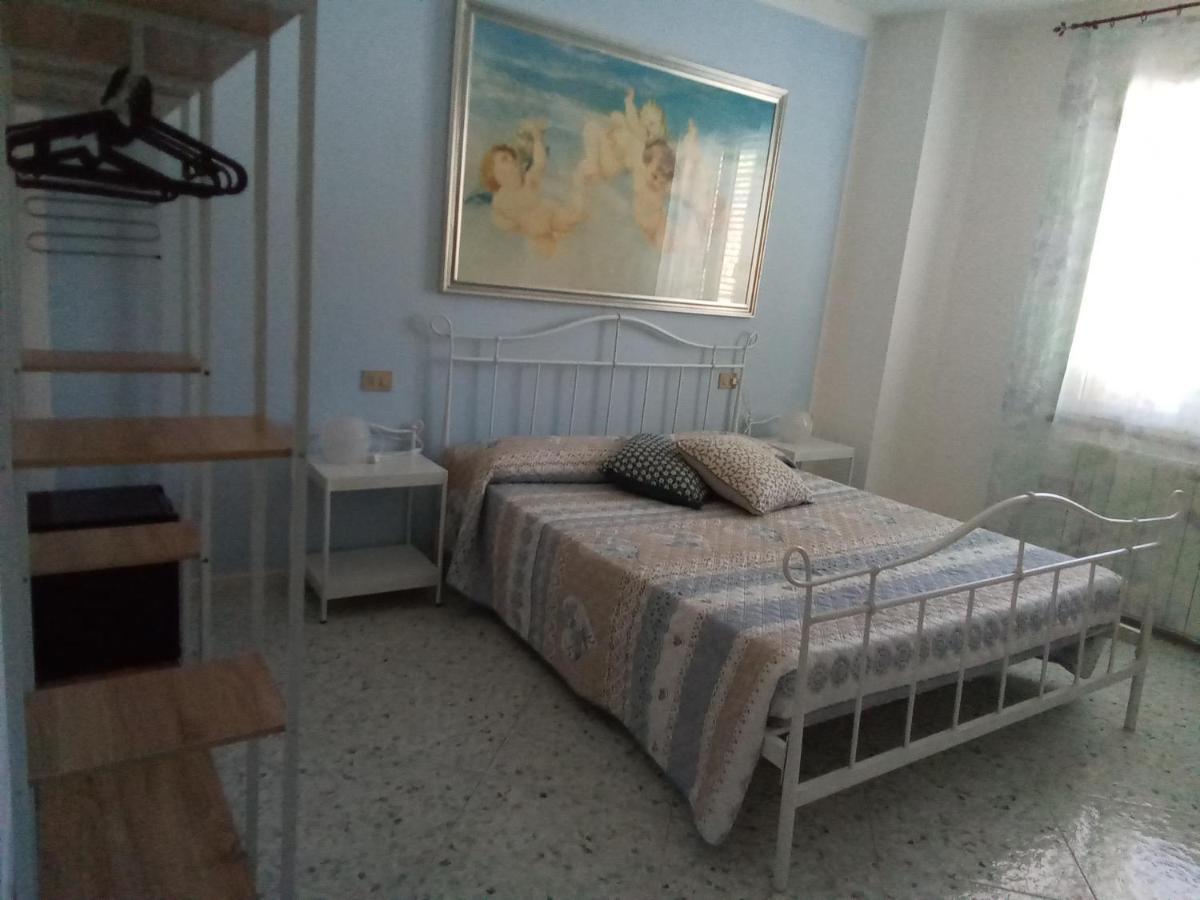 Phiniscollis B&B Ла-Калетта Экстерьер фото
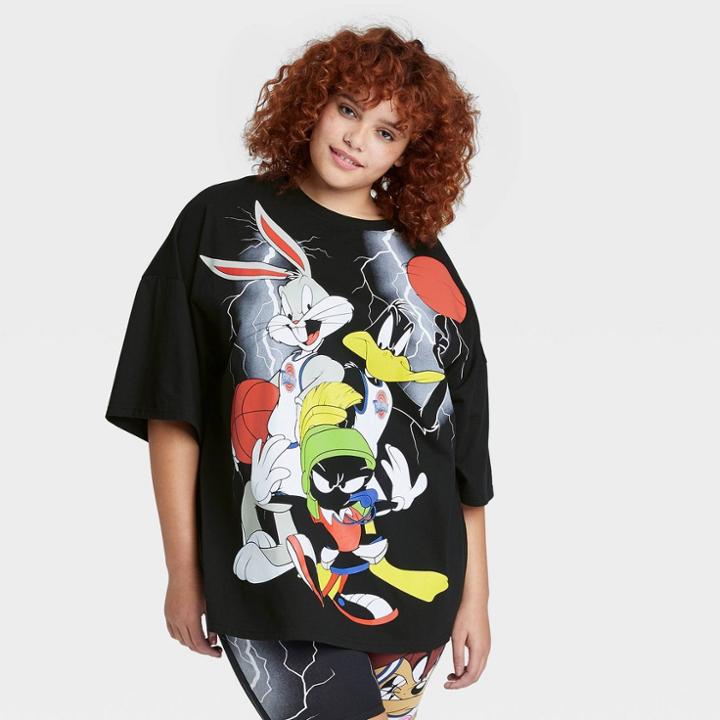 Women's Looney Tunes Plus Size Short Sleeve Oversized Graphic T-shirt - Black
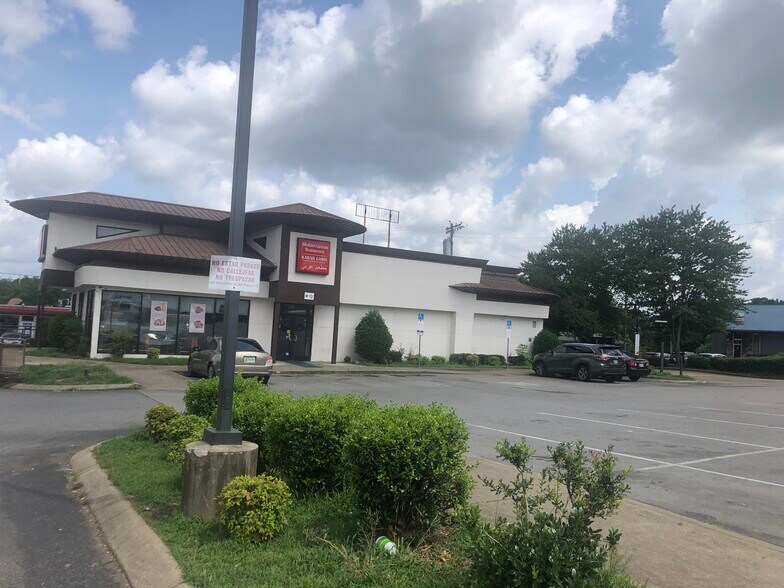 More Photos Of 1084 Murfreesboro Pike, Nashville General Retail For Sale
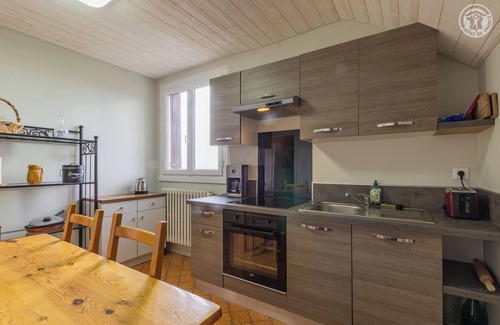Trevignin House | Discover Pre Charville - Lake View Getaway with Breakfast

■ **Activity**: Nothing but the lines from the line containing "Women's Looney Tunes" through the last line of the listing above should appear, output exactly, with no pictures.

■ **Result of the task**:
 Women's Looney Tunes Plus Size Short Sleeve Oversized Graphic T-shirt - Black
 More Photos Of 1084 Murfreesboro Pike, Nashville General Retail For Sale
Trevignin House | Discover Pre Charville - Lake View Getaway with Breakfast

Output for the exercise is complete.